Building a better pipeline

ESA astronaut Samantha Cristoforetti was the agency’s first female astronaut to complete a long-duration mission in space and the first European female to command the International Space Station.

She spoke to the World Economic Forum’s Meet the Leader podcast at Davos this year. In a wide-ranging interview, she drew attention to the improved female representation in the careers from which astronauts are recruited over the past decade or so.

“I became an astronaut 15 years ago and, back then, in that era, female astronauts were definitely still a minority,” Cristoforetti said. “But boy, it has changed in the last 15 years. I mean, the last selections, both with NASA and with ESA, are pretty much a 50-50 split.

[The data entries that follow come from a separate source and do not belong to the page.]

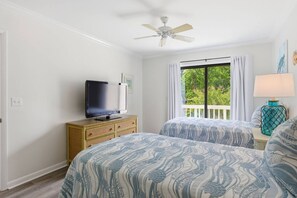 3 bedrooms, iron/ironing board, WiFi - Golf View Townhome w/ Pool, Pickleball, Balcony & Beach Pass in Shipyard Resort – Guest Favorite (Hilton Head Island)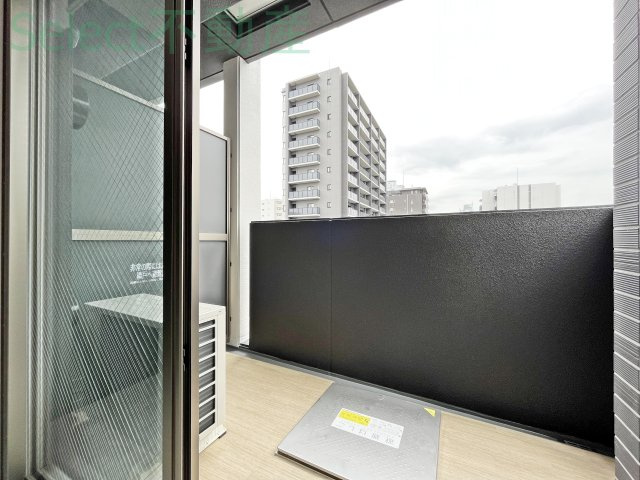 ディアレイシャス名古屋太閤通のバルコニー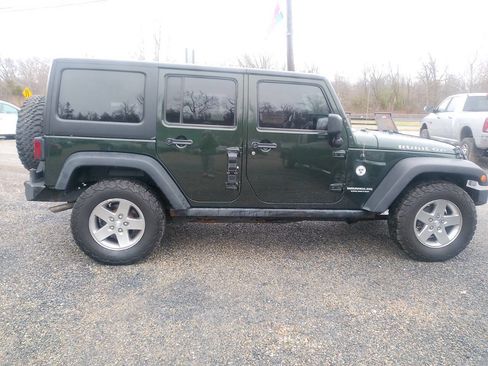 Used 2011 Jeep Wrangler Unlimited Rubicon w/ Dual Top Group image 16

“And it's not because we've put quotas [on] or anything like that, it's just because a lot has changed in the pipeline, in those careers from which we recruit astronauts, which are the STEM careers. We're looking for engineers, we're looking for scientists, we are looking for medical doctors, mathematicians, or people who come from an aviation background - pilots especially, test pilots with a lot of flying experience.”

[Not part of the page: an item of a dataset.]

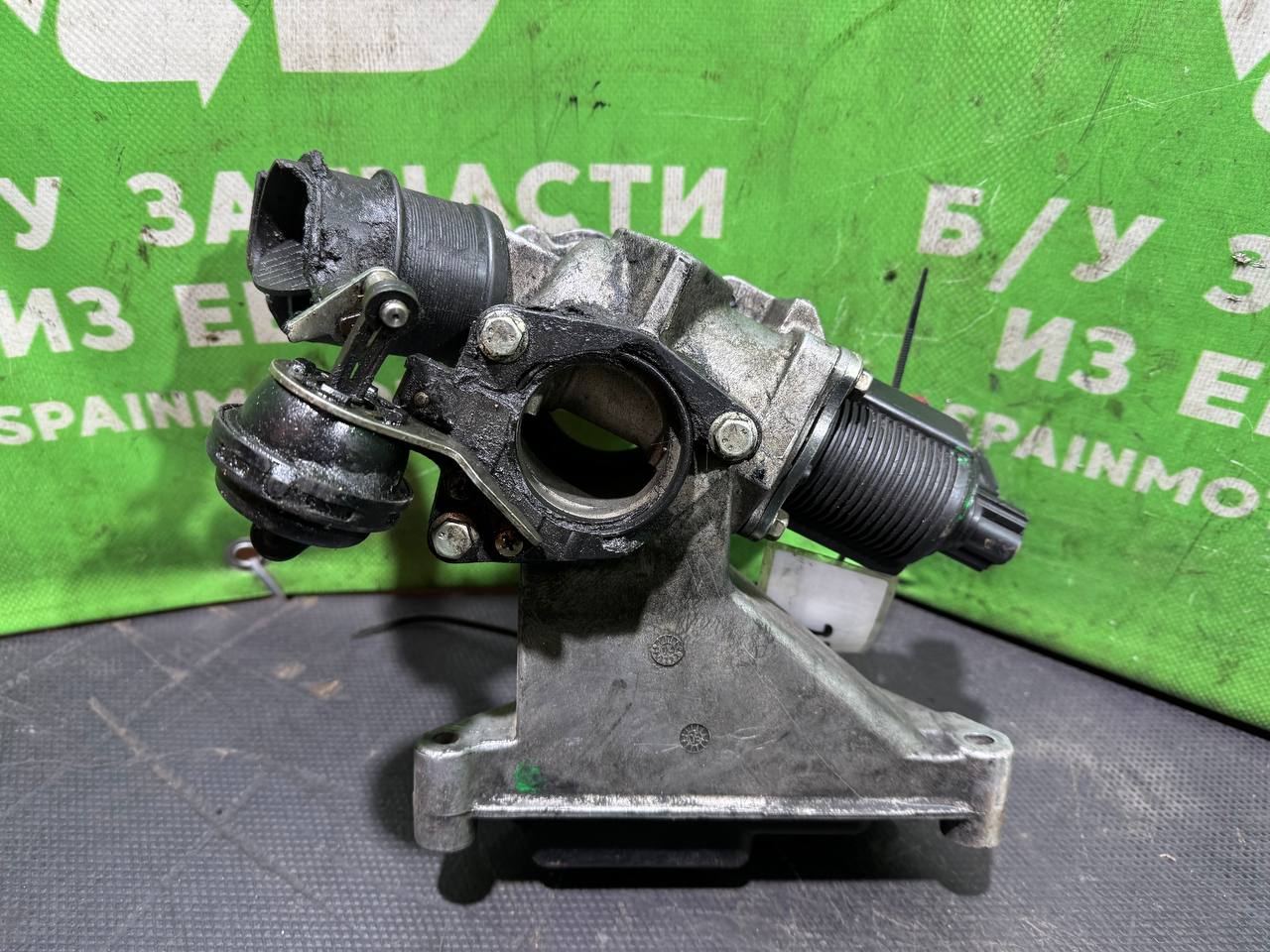 (11) Клапан EGR Renault Espace 4 2003 2,2 DCi фото-5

Italian ESA astronaut Samantha Cristoforetti waves as she disembarks a plane upon her arrival at the Cologne-Bonn airport following her mission and so-called
ESA astronaut Samantha Cristoforetti was the first European woman to command the ISS. Image: REUTERS / Benjamin Westhoff

In a separate Meet the Leader interview, Mishaal Ashemimry, Head of the Centre for Space Futures, agreed that the pipeline is improving. “I've noticed that there's an increasing amount of women, as well as men, entering into the aerospace engineering field and studying that in school,” she said. “And so these are great signs that we're moving in the right direction.”

However, she cautioned of a retention issue for women in the aerospace industry in general, whether as a result of balancing the demands of the job with raising a family, or the thick skin needed to deal with typically being one of few women in the room.

The bigger picture

The latest World Economic Forum Global Gender Gap report found that the gap worldwide is 68.8% closed. When considered through the lens of the 100 economies that have featured in the report since 2006, that means we’re 123 years away from full parity.

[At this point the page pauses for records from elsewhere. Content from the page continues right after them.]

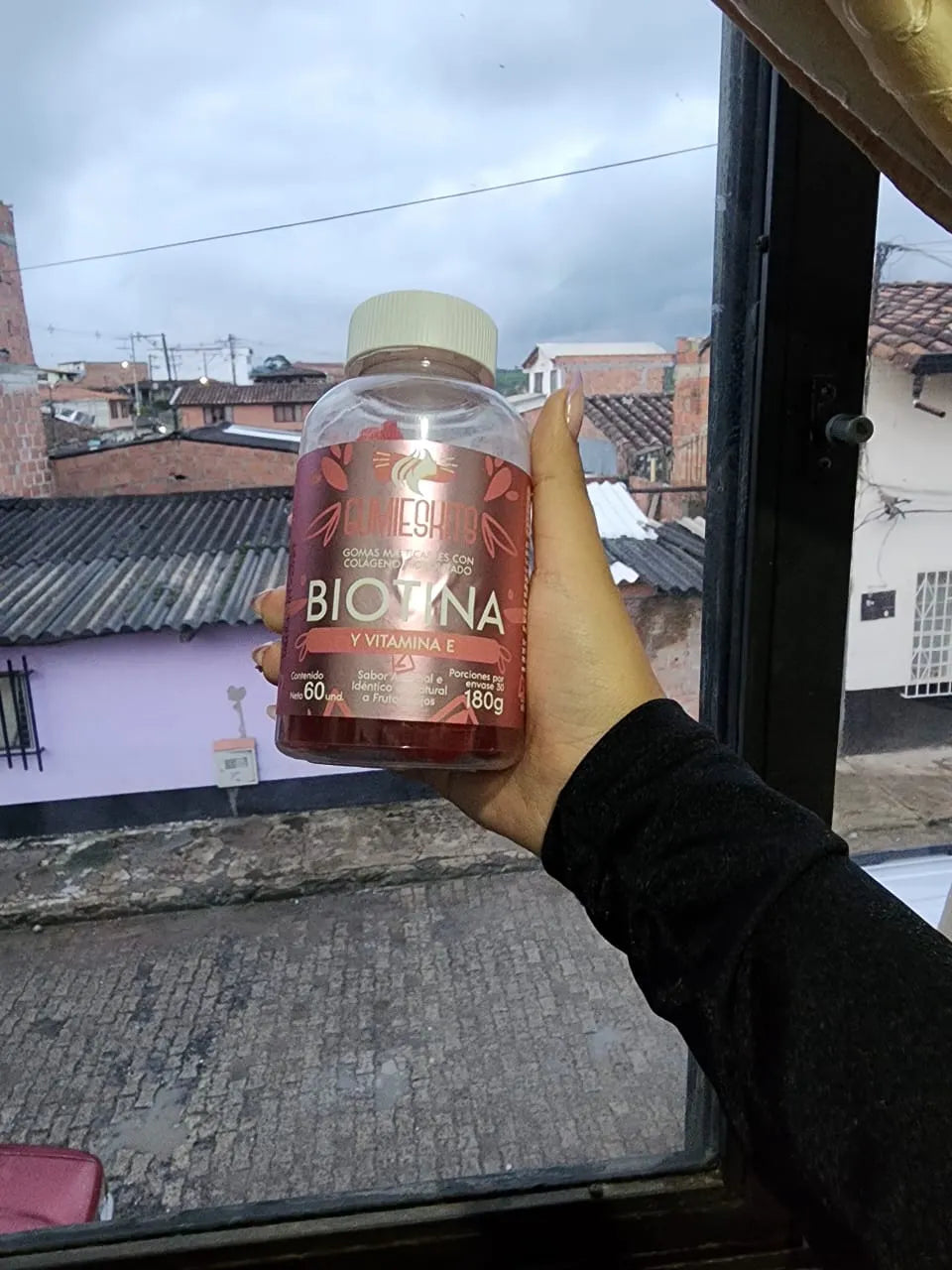 <em><strong>Andrea Morales</strong></em>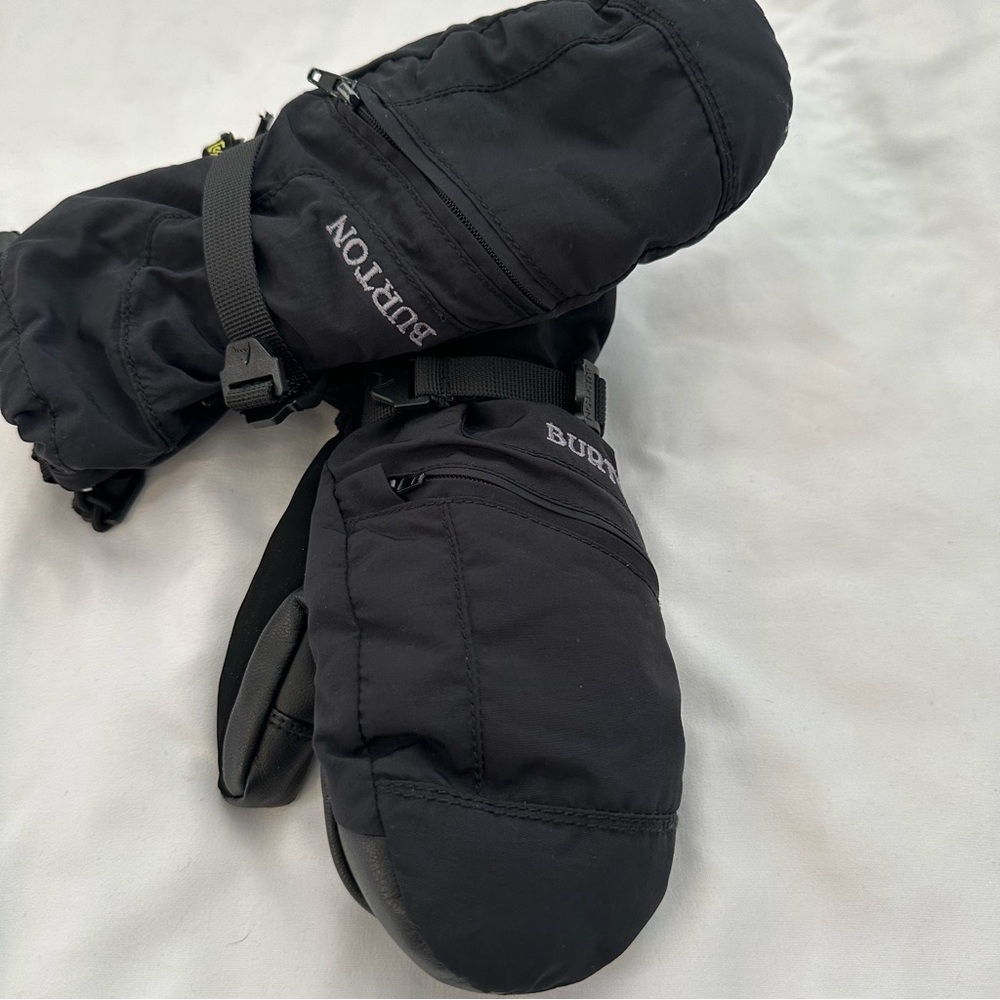 Burton Black Youth Winter Gloves Size M 10 years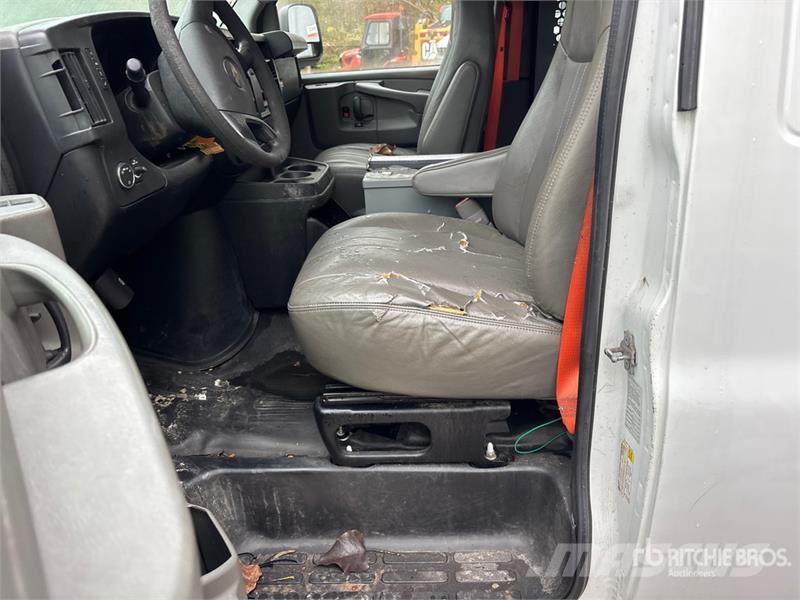 Chevrolet Express 2500 Cargo Van (Inoperable) Pakettiautot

Global gender gap is 123 years off parity.
While progress has been made, the global gender gap still has a way to go. Image: World Economic Forum

Mirroring Cristoforetti’s perspective that the pipeline of potential astronauts is widening, the report shows that the Educational Attainment gap is 95.1% closed - the second highest of the four sub-indexes. Equally, Economic Participation and Opportunity has seen the greatest progress towards parity.

However, it started from a lower base, and is currently just 61% closed. Female representation among astronauts is perhaps a timely example of this trend: things are getting better, the foundations are getting stronger, but things started from a very uneven base.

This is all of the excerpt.